On April 19, the Pomona College Committee on Social Responsibility officially recommended that the Board of Trustees divest Pomona’s separately managed funds from fossil fuels within five years and research the mechanics of divesting from its commingled funds within the next six months. Uncertainty about the consequences of divesting from the college’s commingled funds, which make up the bulk of the endowment, motivated the distinction made by the recommenders.
The committee, which advises President David Oxtoby how to vote in shareholder meetings, voted to pass four resolutions concerning divestment, which it shared with the Board the same day.
According to Pomona physics professor Thomas Moore, the nonvoting convener of the Committee on Social Responsibility, the committee considered the potential cost to the school before writing the four resolutions. But the effects of divestment are extremely uncertain, and Moore said the committee voted on the resolutions knowing that divestment’s price—or gain—could not be calculated.
The second resolution recommends that the Board of Trustees divest the college’s separately managed funds within five years. In the third resolution, the committee has requested that the Investment Committee of the Board of Trustees prepare a report that will estimate the effects of divestment from the commingled funds on the Pomona endowment within the next six months. The resolution acknowledges that there will be some uncertainty in the estimate and, as summarized by Moore, asks that the Board “estimate not only the losses and gains, but the uncertainties in those estimates.” The second resolution passed with five of the eight members voting in favor of it, while the other three abstained due to limited available information on the subject. The third resolution passed unanimously.
Separately managed funds include only Pomona’s money and are managed directly by the school. The commingled funds, managed by outside fund managers, account for about 92 percent of the endowment, and they usually include money from a variety of colleges, universities, and other institutions, making Pomona’s potential divestment from these funds more complicated.
Moore said that money managers may respond to large groups of institutions asking to divest but that Pomona’s divestment alone will not make a large statement to money managers since Pomona’s money would comprise a small percentage of the commingled fund.
“In the commingled funds, we cannot simply request that the fund manager divest because the manager is responsible to many other institutions, not just ours,” Moore said. “In order to divest, we would probably instead have to move our investments out of these commingled investment instruments altogether, at some cost to the college. That is part of what we are asking the Board to investigate [in our recommendations].”
The committee asked the board to determine how best to “maximally reduc[e] its investment exposure to fossil fuel companies in the commingled funds” in its fourth resolution, which also passed unanimously.
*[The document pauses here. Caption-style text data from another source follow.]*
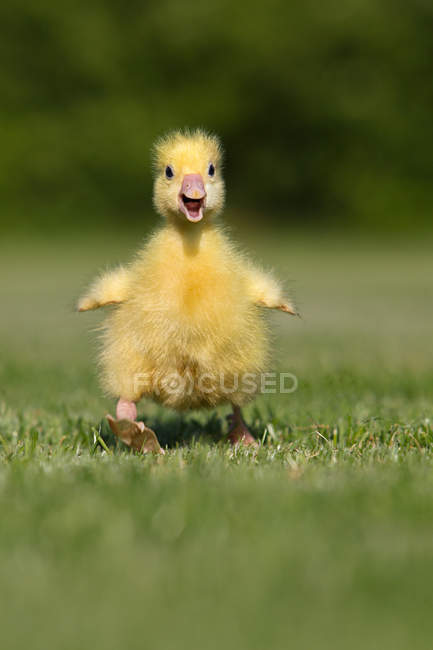 Gosling on green grass — Stock Photo
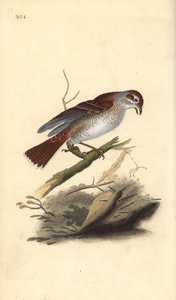 Rödryggad torna (hona), Lanius collurio. Handfärgad kopparplåt ritad och graverad av Edward Donovan från hans egen "Natural History of British Birds", London av Edward Donovan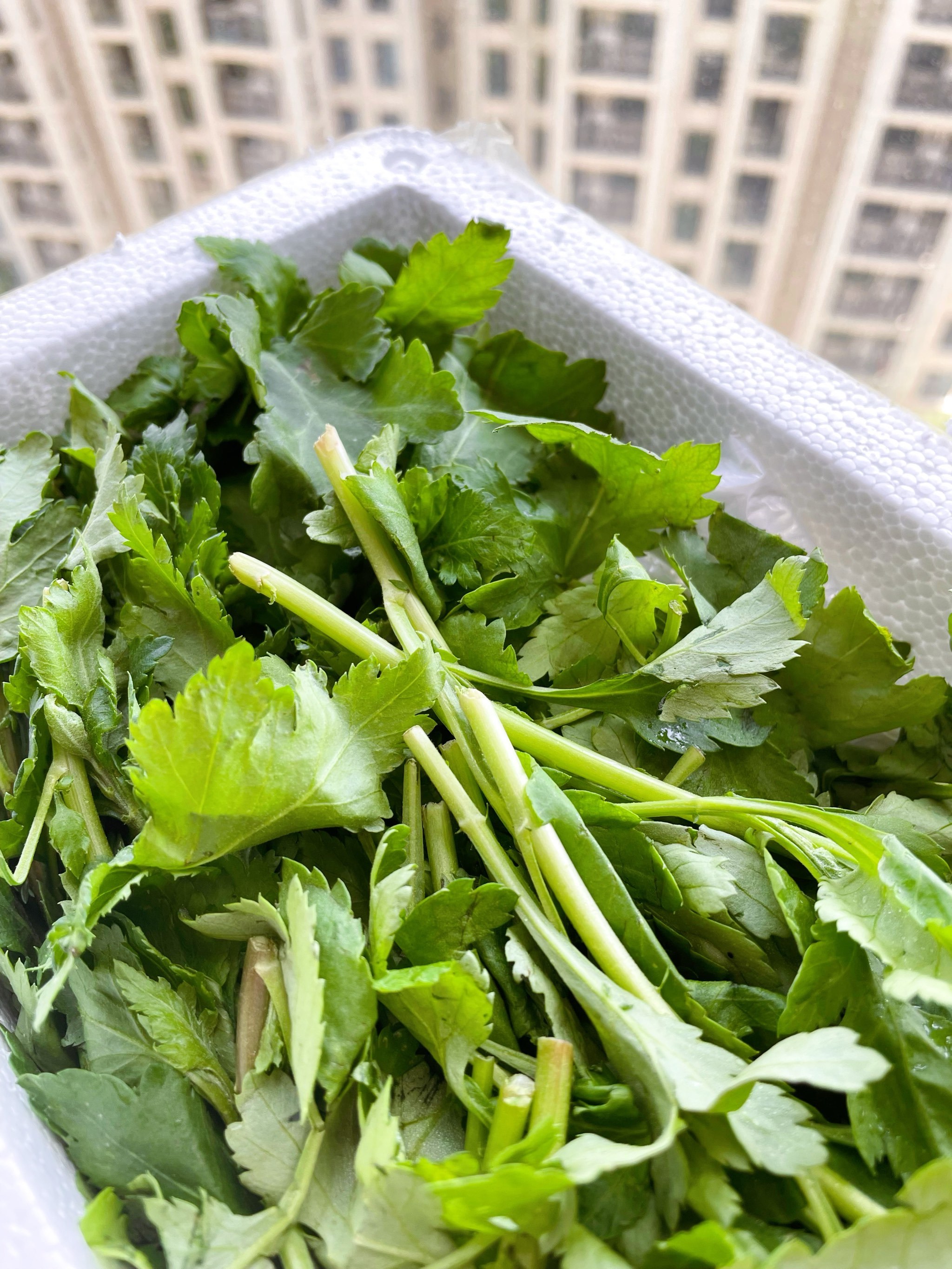 排除体内毒素菜(排除体内毒素的食物)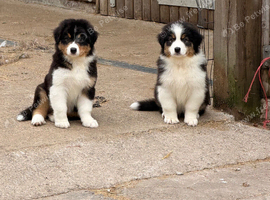 Quality Australian Shepherd Puppies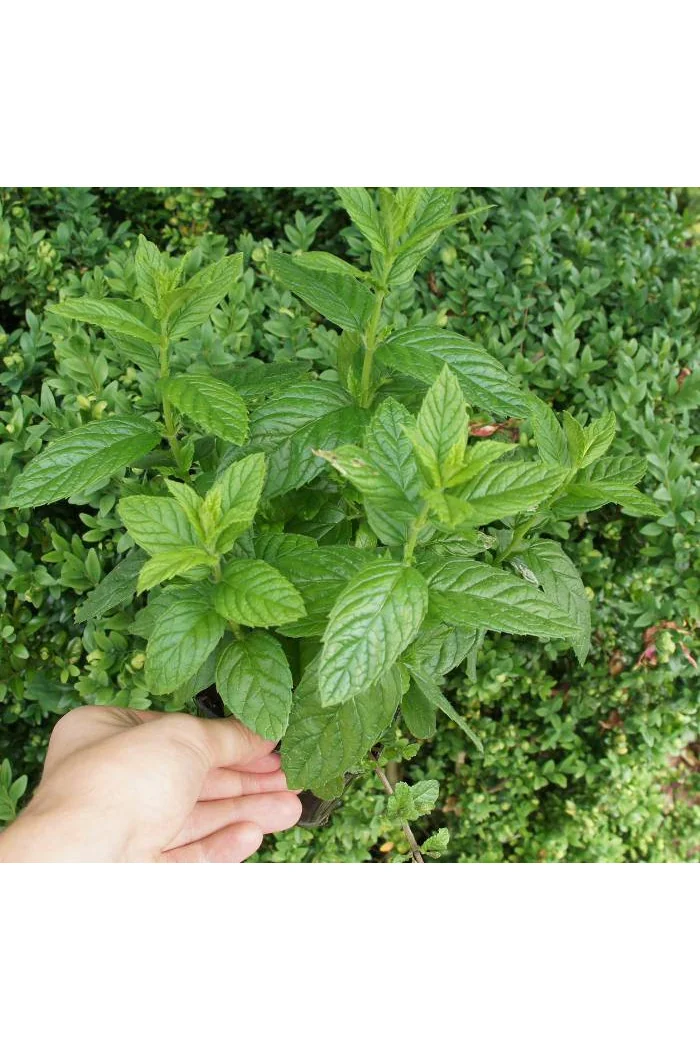 Mięta 'Hillary's Sweet Lemon' | Mentha species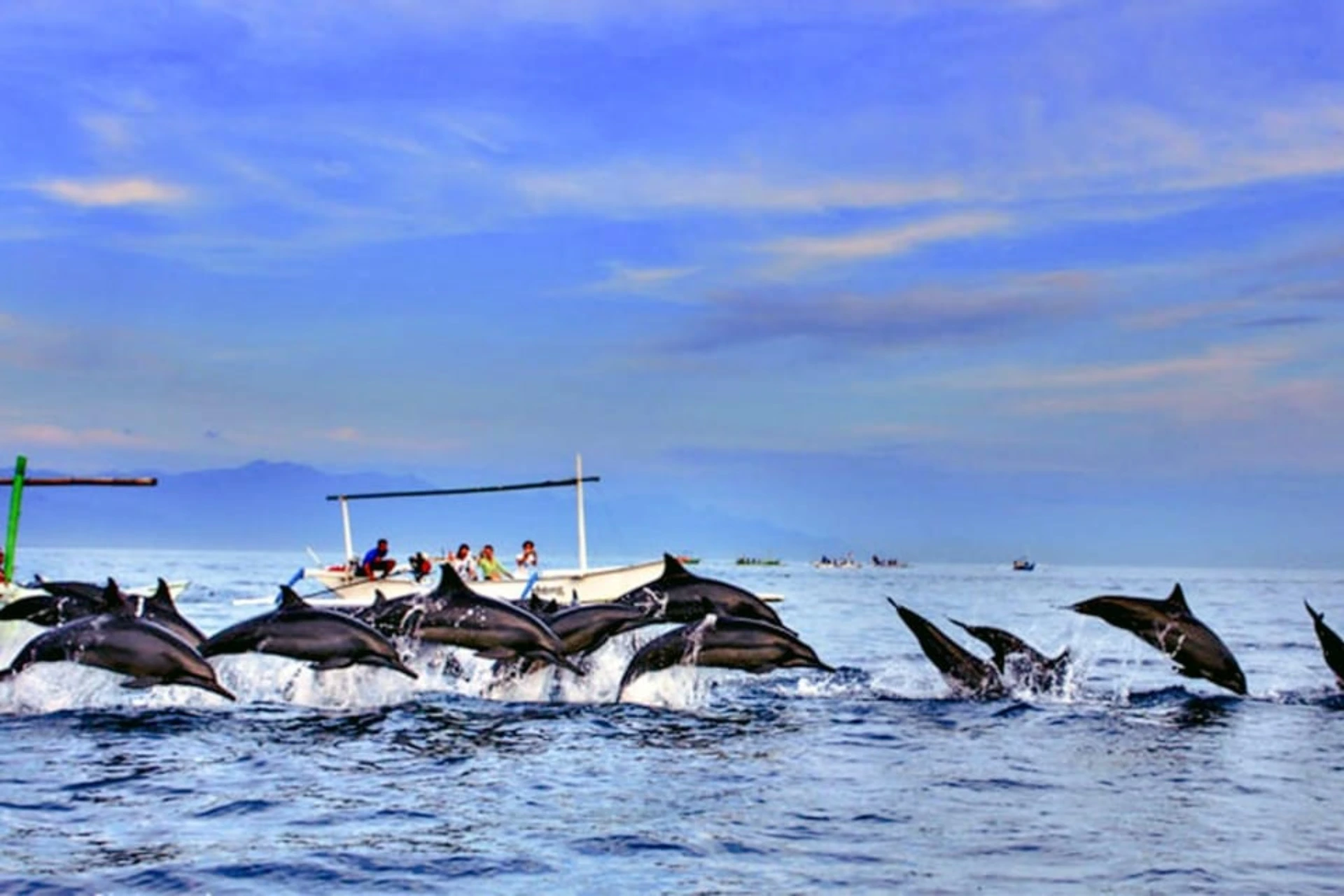 Lovina Dolphin Tour
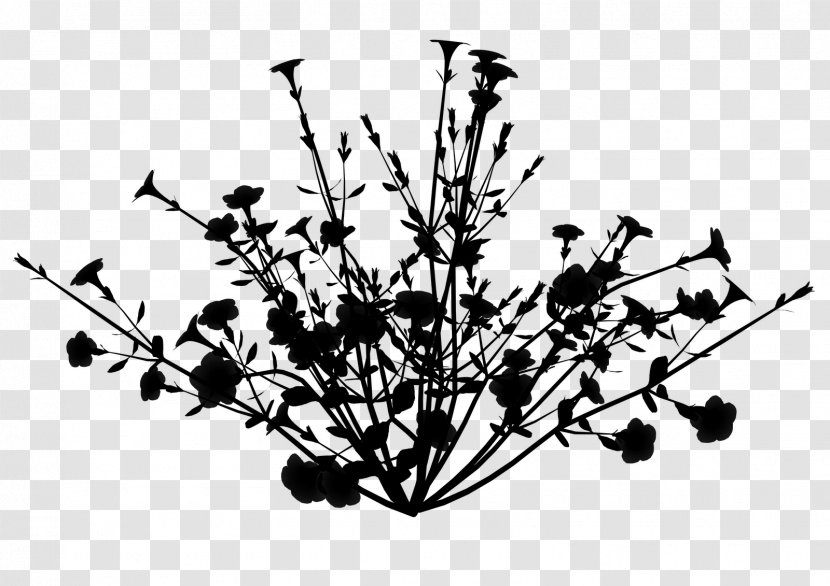 Twig Plant Stem Flower Leaf Font - Blackandwhite Transparent PNG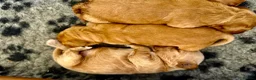 Cockapoo dogs for sale: Exceptional family pets top quality cockapoo’s - Advert 5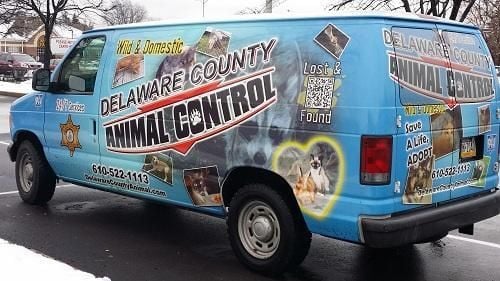 Lost and found pet services van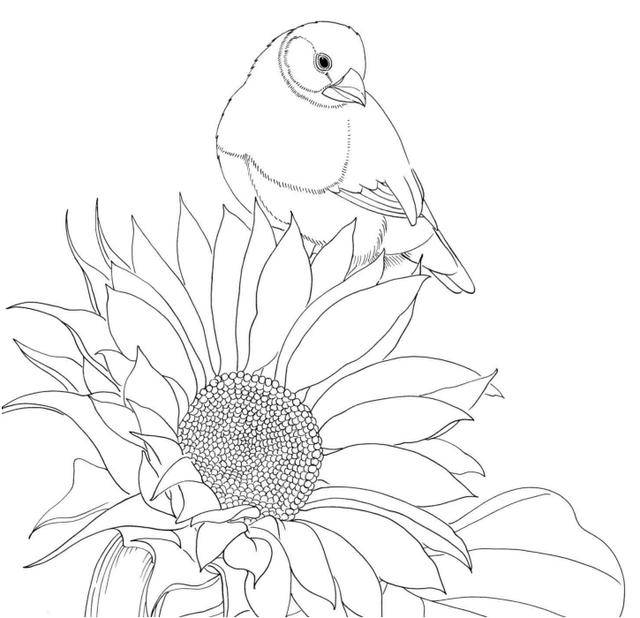 黑白花鸟线描100例第一篇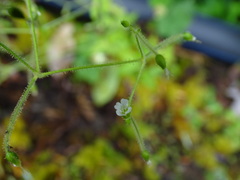 Cerastium subpilosum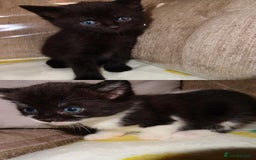 British Shorthair cats for sale: Kittens - Image 3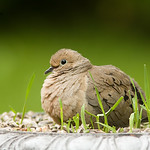 Tourterelle triste - Mourning Dove
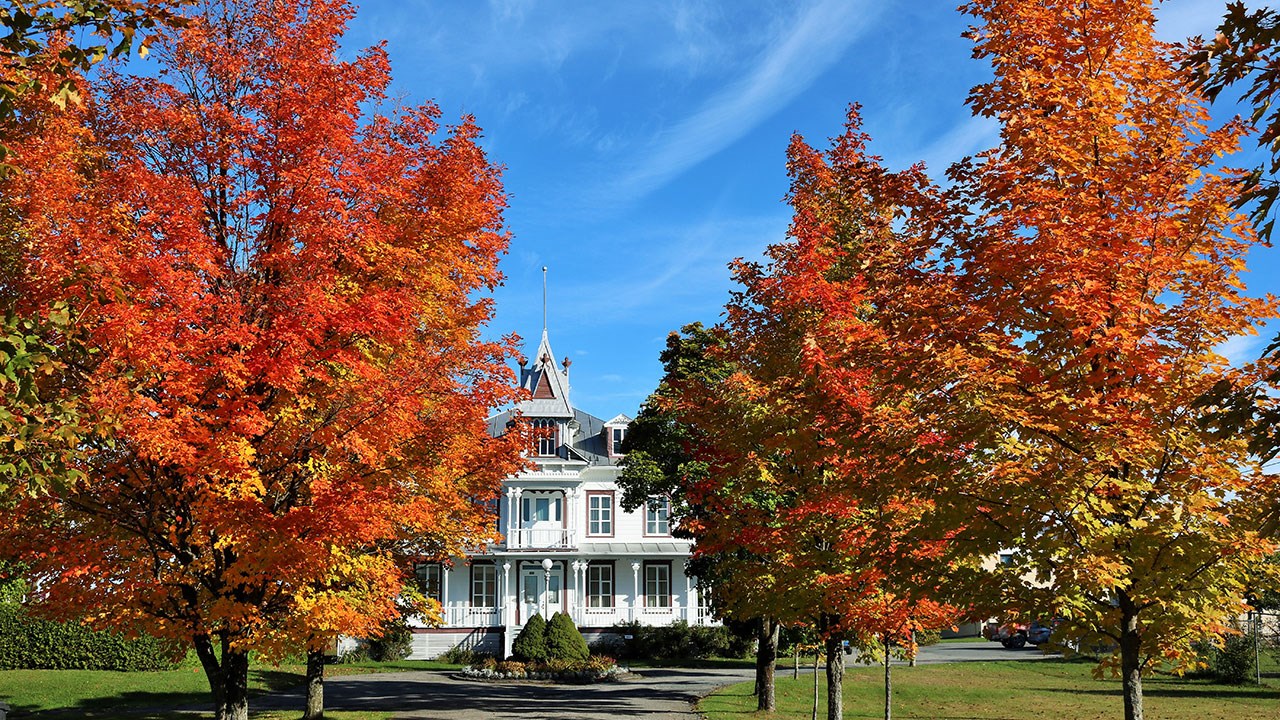 Immortaliser les beautés de l'automne : les photos de nos lecteurs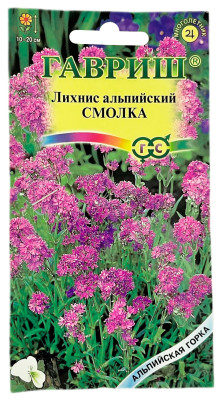 Лихнис альпийский СМОЛКА ГАВРИШ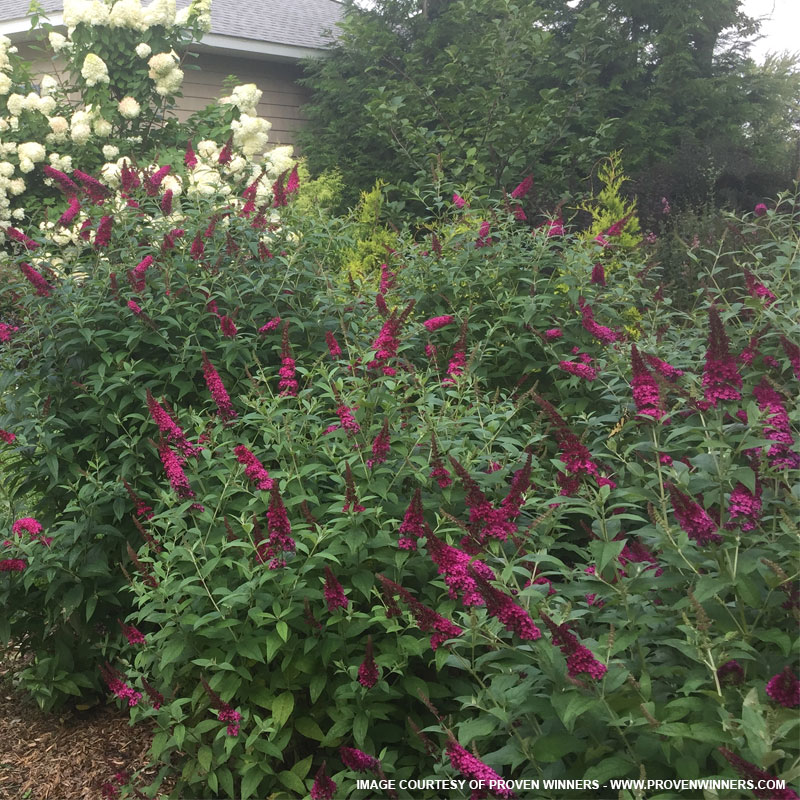 Miss Molly Butterfly Bush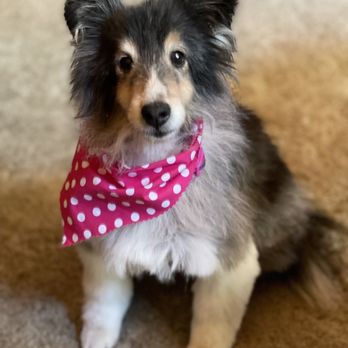 Groomingdales - Bitsy - Pet Groomers Near Me - Mariposa, California Groomingdales - Bitsy - Pet Groomers Near Me - Mariposa, California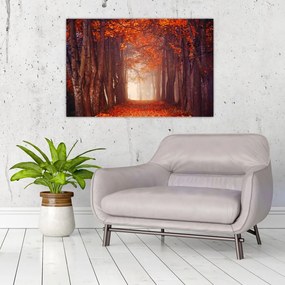 Tablou - Pădurea de toamnă (90x60 cm)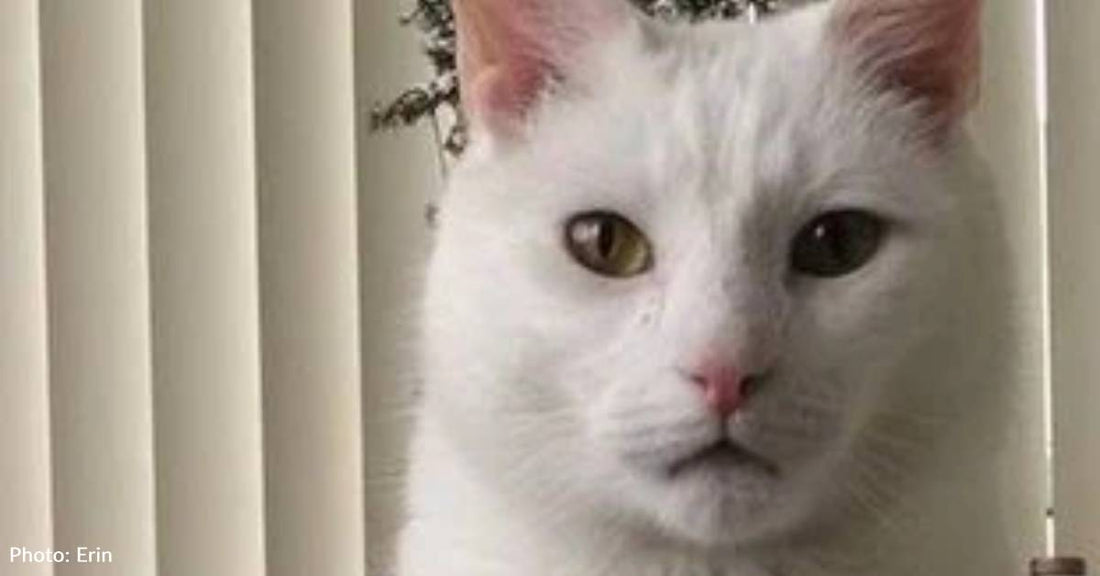 'Neurotic, Anxious, Aloof' Cat Becomes Regal Weirdo of His New Home
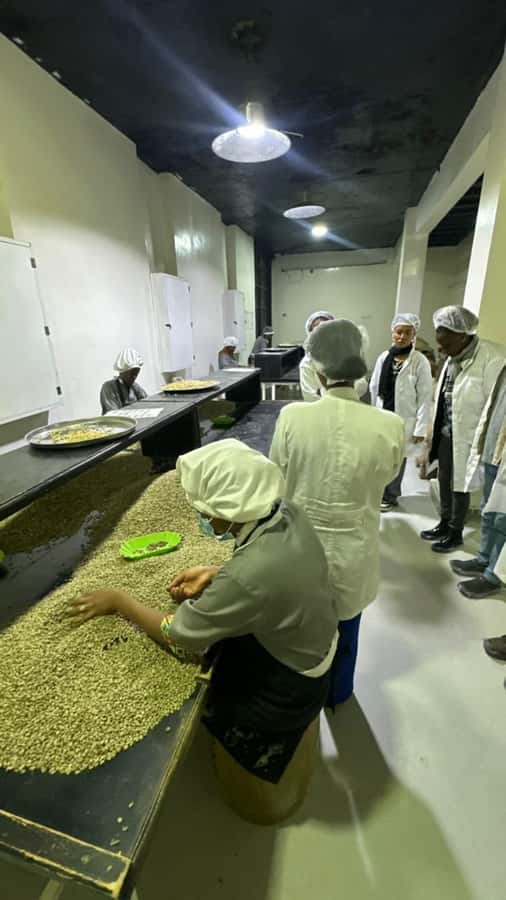 Ethiopia coffee cupping class/Ethiopian food injera making - What to know before you go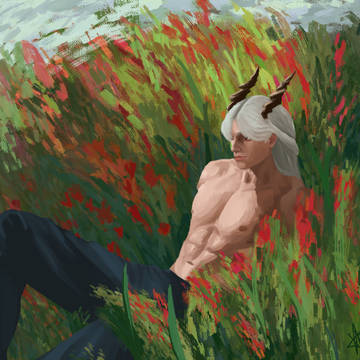 Sylus in the meadow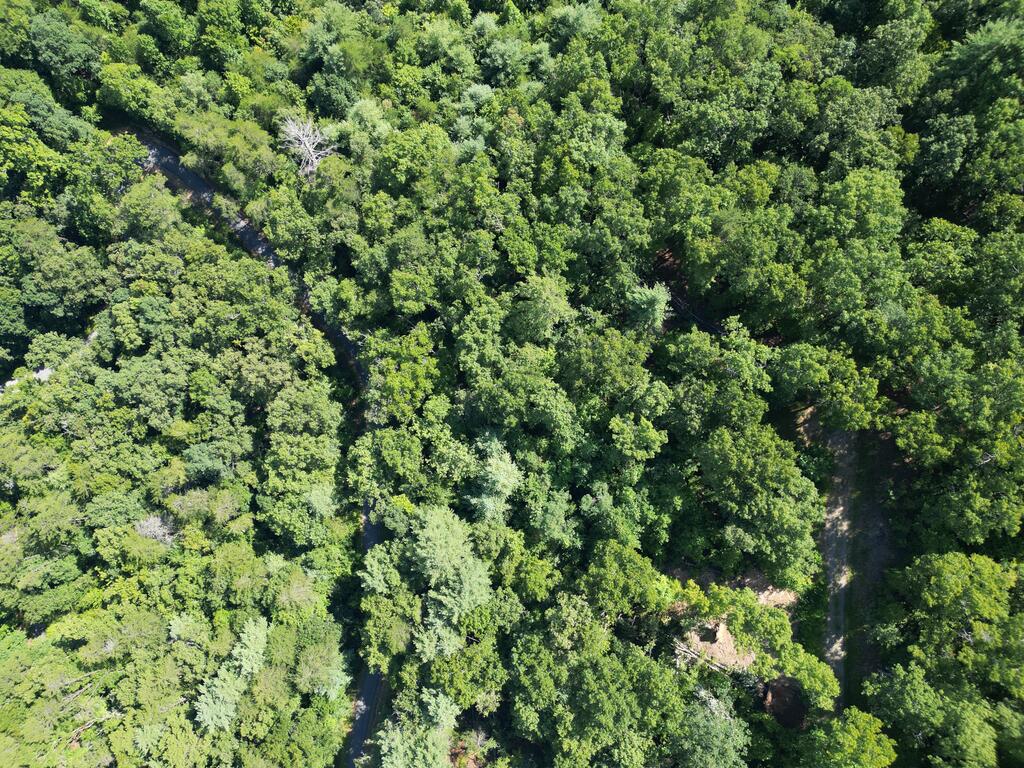 Tbd Stonefly Cove Property Photo 20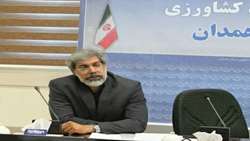 اجرای الگوی کشت در 690هزار هکتار از اراضی همدان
The committee suggested possibly working with other institutions, such as colleges and universities, to divest as well in order to make a greater impact, but the resolution does not directly recommend that the Board of Trustees divest the commingled funds.
The first resolution, passed unanimously, affirmed that climate change is “a crucial issue of grave and urgent moral import and recognizes that divestment in fossil fuel companies is a means to express our concern about the negative implications of climate change both for our planet and for this college.” The resolution also states that fossil fuel divestment is a means of communicating Pomona’s care for the environment to the greater community and that “divestment is consistent with the values of the Pomona College community.”
The committee hopes that the early date of their vote will give the board adequate time to review the recommendations before the May convening, though Moore said he would not be surprised if the Board requires more time to respond. The original committee voting date was scheduled for Wednesday, April 17, but was delayed due to the absence of a committee member and lack of written resolutions.
Moore said he believes Oxtoby and the Board will take their recommendations “very seriously,” as they have in the past.
According to Teresa Shaw, Special Assistant to the President, the board has yet to discuss the matter.
The recommendations followed a student vote in support of a resolution to divest, which passed with 78 percent approval during school-wide elections ending April 9. The Committee on Social Responsibility is composed of three Pomona faculty members, two staff members, and three students.